Did the chicken cross the code?

Council to decide on new ordinance

Residences inside the city limits have always had the right to own cats and dogs, and on Tuesday night moved one step closer to have the right to house chickens too, provided they are hens.

The Cortez City Council Tuesday night voted 5-1 to move forward with a second reading and a public hearing next month. Council member Karen Sheek did not attend the meeting.

At the Aug. 7, 2012, Cortez Planning and Zoning Commission it was debated whether to recommend to the city council to allow six female chickens per residence with a $10 permit fee every two years. The henhouses would be required to be set back at least 10 feet from other residences.

That $10 fee requirement is still up in the air, according to the ordinance the council approved in a first reading.

The commission also discussed other communities doing this due to the sustainability of people being able to raise their own food.

At the request of the commission surveys were given to residents at three block parties the city held last year to receive input.

Of the 53 people that filled out the survey, 42 were in favor of adopting chicken regulations in Cortez while 11 were opposed to the idea.

Many of those in favor said they would like the opportunity to own some hens/chickens, while those opposed said they were too noisy, loud and messy and belonged on a farm.

In April 2012 Planning and Zoning Director Kirstin Sackett told the commission that the staff had received several requests to allow the keeping of chickens within the city limits.

Sackett told the commission that urban agriculture is making waves around the country, though the differences are mostly related to the attitudes of the populations within the communities.

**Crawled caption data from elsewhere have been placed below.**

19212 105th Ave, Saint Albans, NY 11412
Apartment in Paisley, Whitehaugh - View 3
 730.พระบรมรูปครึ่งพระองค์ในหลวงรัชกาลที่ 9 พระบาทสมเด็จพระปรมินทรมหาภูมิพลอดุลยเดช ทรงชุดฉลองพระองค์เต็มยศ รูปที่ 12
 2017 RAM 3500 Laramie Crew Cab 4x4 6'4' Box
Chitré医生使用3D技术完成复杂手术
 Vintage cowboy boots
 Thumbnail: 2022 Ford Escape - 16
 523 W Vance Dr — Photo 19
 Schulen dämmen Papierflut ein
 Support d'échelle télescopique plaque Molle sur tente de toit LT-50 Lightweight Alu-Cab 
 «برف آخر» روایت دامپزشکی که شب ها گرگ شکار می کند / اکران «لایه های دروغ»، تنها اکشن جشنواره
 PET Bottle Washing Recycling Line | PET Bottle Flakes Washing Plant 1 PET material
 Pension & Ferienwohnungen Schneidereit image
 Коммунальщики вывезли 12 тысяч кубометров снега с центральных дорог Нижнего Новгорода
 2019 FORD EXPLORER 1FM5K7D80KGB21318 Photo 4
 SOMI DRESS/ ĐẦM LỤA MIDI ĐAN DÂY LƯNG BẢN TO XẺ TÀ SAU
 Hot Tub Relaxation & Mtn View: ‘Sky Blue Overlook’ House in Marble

Those results were shared with the commission in December and the favorable comments prompted a public hearing on Feb. 5 in which no one attended. No phone calls were received either. The recommendation to allow chickens on residential properties was forwarded to the council for its vote.

Sackett said most people who want chickens would probably do so for the eggs, adding the food would be local, healthier and less expensive.

According to the ordinance, chickens must be kept at all times within a fenced backyard of the owner's property as well as being kept in a secure predator resistant enclosure or confined or caged when transported.

The chicken enclosures must also be kept clean with no offensive odors, excessive dust or waste at all times, roosters are prohibited and that chicken enclosures must be kept in a manner that does not constitute a nuisance, safety hazard or health problem.

The council, by approving the first reading of the ordinance, set a public hearing for its next meeting on March 12.

Council member Bob Archibeque, the lone dissenter in the vote, wanted to know how residents would feel if a neighbor decided to build a chicken coop within feet of their homes.

"Being a city council member, one of my jobs is to understand how the (community) will feel about having a chicken coop that is 10 feet away," he said.

Sackett said there are always going to be disputes between neighbors over something.

Mayor Dan Porter said he would prefer to deal with chickens than the people who just let their dogs go and run wild.

Council member Shawana McLaughlin, who said she grew up on a farm, said the chickens will get out of their enclosed area, and added dogs will then kill them.

She also said when a chicken stops laying eggs the animal is usually slaughtered, and the chicken is what is for dinner that night.

McLaughlin also said that all of the people she has talked to are opposed to residents being allowed to have chickens in their backyards, so she and Sackett must be talking to different people.

Archibeque also wanted to know who would be controlling the odor from the chickens, which Sackett said would fall under the city's animal control officer.

Cortez Police Chief Roy Lane said his officers will not be picking up chickens like they would for a dog running at large.

"We have been dealing with chickens for years, and it is not a big problem," Lane said.

Council member Matt Keefauver said he cannot imagine a huge influx of people who would go out to get chickens if the council were to pass this into law.

The ordinance would repeal section 5-20 of the city's code that prohibited fowl or poultry unless they were at least 150 feet away from a residence, which Sackett said is almost impossible to do.

The proposed ordinance adds exceptions to the code, including having the municipal judge be the one responsible for imposing penalties and subsequent punishments for acts by the same owner or keeper for repeated violations and for the number of hens to be limited to six per residence.